Remember, son, many a good story has been ruined by over verification - James Gordon Bennett
Some want to bury COMDEX, and there's a lot on the surface to say that COMDEX is ready to take the biscuit, but I don't think it'll happen. I watched COMDEX as a conference advisory board member from 1989-2003. And, I ended up marrying one of its employees - in fact its director of publications. And I watched a lot of people come and go through seven different ownership titles, and an ugly bankruptcy.
Sheldon Adelson grew the COMputer Dealers EXpo into COMDEX. Shelly's not a geek, but he's an astute if controversial businessman. His Boston-based empire grew COMDEX into a machine. What attracted people to COMDEX was a combination of an accident in time (the burgeoning viability of personal computing replacing mainframe/centrist models of computing), populism (we like to do computing on our own and not wait on someone else), as well as dances with wolves (Windows World's success).

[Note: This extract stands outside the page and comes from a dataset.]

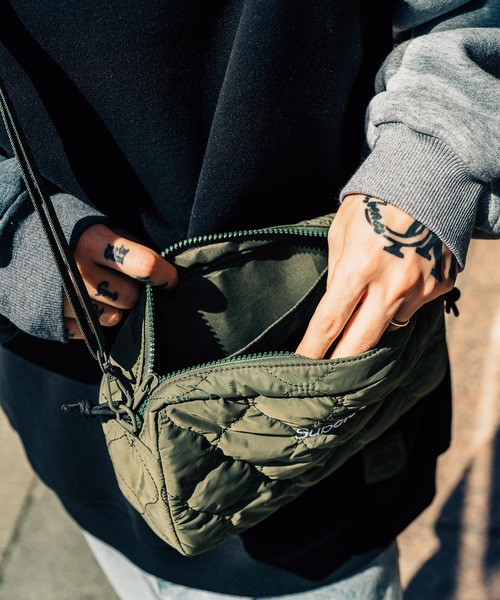 Subciety（サブサエティ）の「QUILTED BODY BAG（ボディバッグ/ウエストポーチ・メンズ・ブラック系その他/ブラック/オリーブ・FREE）」の6枚目の写真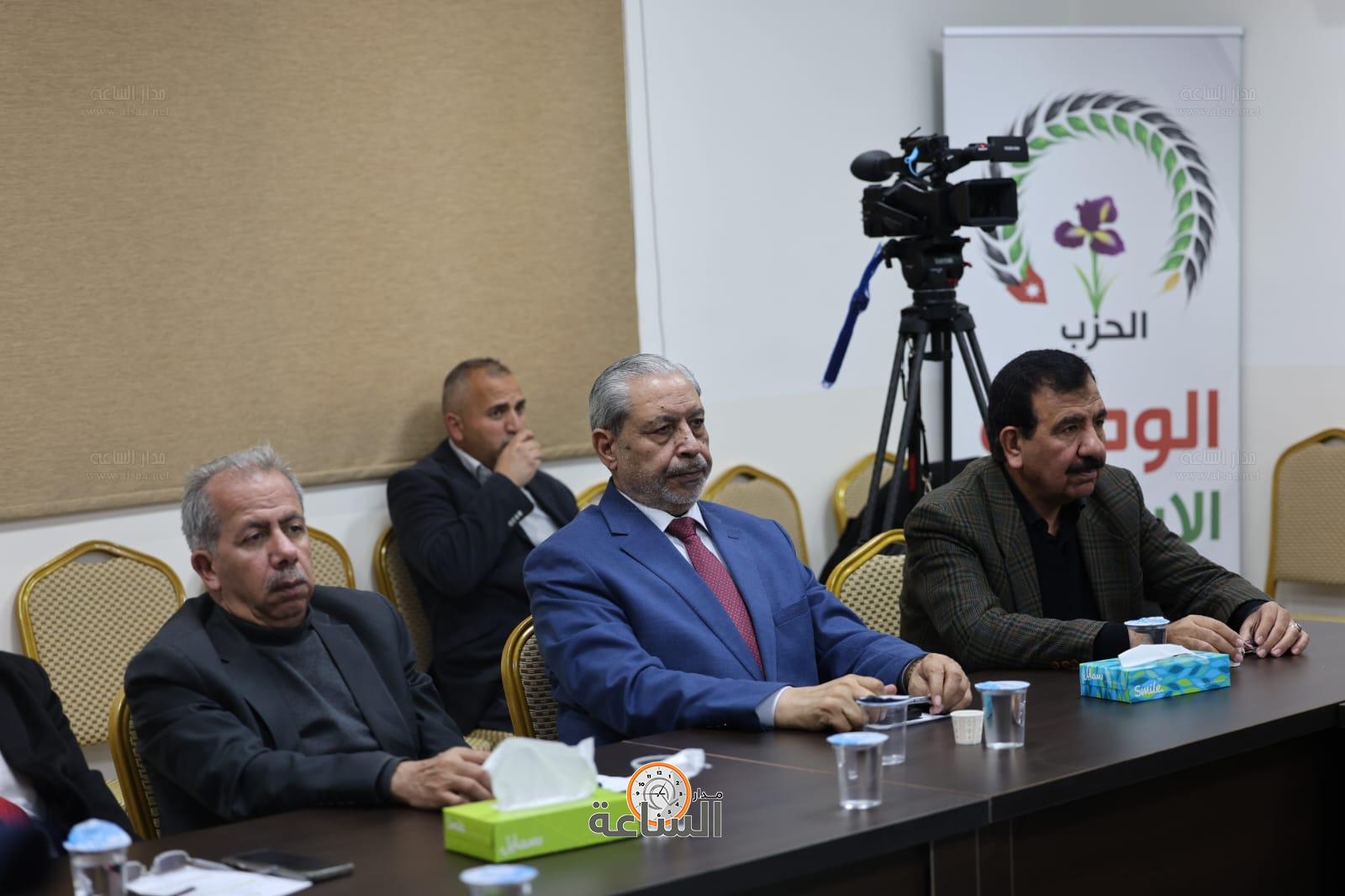 Madar Al-Saa Images 0.4114810394655182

COMDEX's brand was sold to Softbank, which in turn, married it in different ways to its Ziff Davis media acquisition. Then it was spun off to Key3Media, the invented name given to it by Fred Rosen (the ostensible mastermind of TicketMaster fame). Rosen, in my belief, wanted to be a Hollywood mogul, and indeed even attempted an acquisition of the House of Blues to somehow fit with the most successful tech trade show in North America.
The reason you went to COMDEX was partially the fear factor - you might miss something new and truly colossal - and partially for the myriad and unbridled long list of gadgetry and software. More products were launched by more companies surrounding the COMDEX event than any other place. People would gather 18 hours ahead of what became the traditional Bill Gates keynote, and indeed COMDEX successfully co-opted the concept of a keynote by having them not only every day, but sometimes twice and even three times per day.
You had bragging rights when you returned. There was a mix of intellectual overload, great new stuff for every discipline and geek fancy, and the sheer success of having survived Las Vegas, incredible people saturation problems (overbooked everything, long taxi lines, and jacked-up hotel prices designed to suck wallets dry of all extra cash because geeks don't tip, or so it was said). The conference programmes read like the who's who in international computing, and people nearly fought to get positioning within the conference programmes with tenacity. Some of the programs were truly visionary, while others entertained and taught execs the difference between a web page and a live hand grenade.
At its peak in 1999, nearly 300,000 people made the trek to Las Vegas for the show. All your friends were there, and your enemies, too. Linux got an early boost at COMDEX, as did networking, web computing, Java, and so on - the list is long. COMDEX had worked its way around the world, having difficulty only in the non-Scandinavian parts of the European Union. COMDEX went to Singapore, Korea, India, Saudi Arabia, and so on - not to mention Chicago, Atlanta, Miami, and even Los Angeles, Vancouver BC, Toronto, Montreal, and Ottawa.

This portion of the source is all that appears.